#### Data section:
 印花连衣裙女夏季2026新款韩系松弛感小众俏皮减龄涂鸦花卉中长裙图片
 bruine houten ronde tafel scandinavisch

...

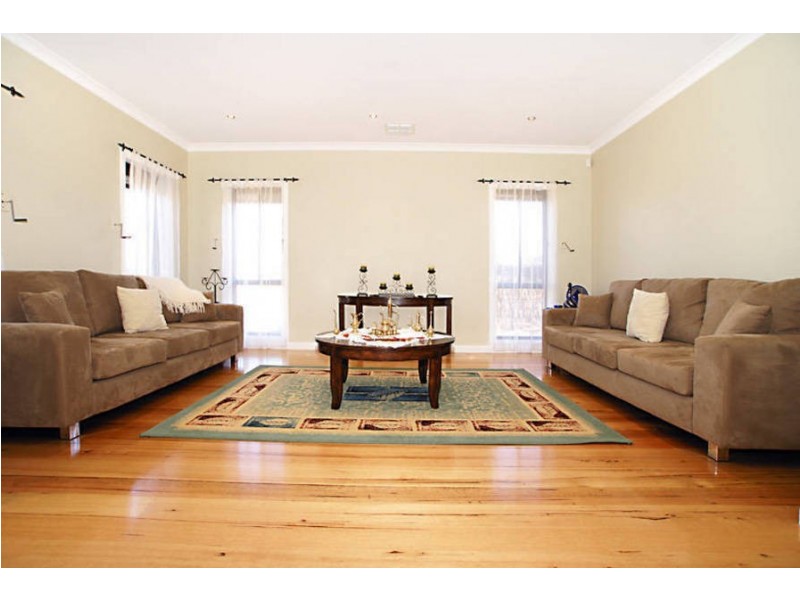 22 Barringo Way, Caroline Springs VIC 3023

#### Goal of the exercise:
Would you quote everything above from the line containing "印花连衣裙女夏季2026新款韩系松弛感小众俏皮减龄涂鸦花卉中长裙图片" down to the line containing "bruine houten ronde tafel scandinavisch"? Include both of those lines and nothing else.

#### Reply:
 印花连衣裙女夏季2026新款韩系松弛感小众俏皮减龄涂鸦花卉中长裙图片
 bruine houten ronde tafel scandinavisch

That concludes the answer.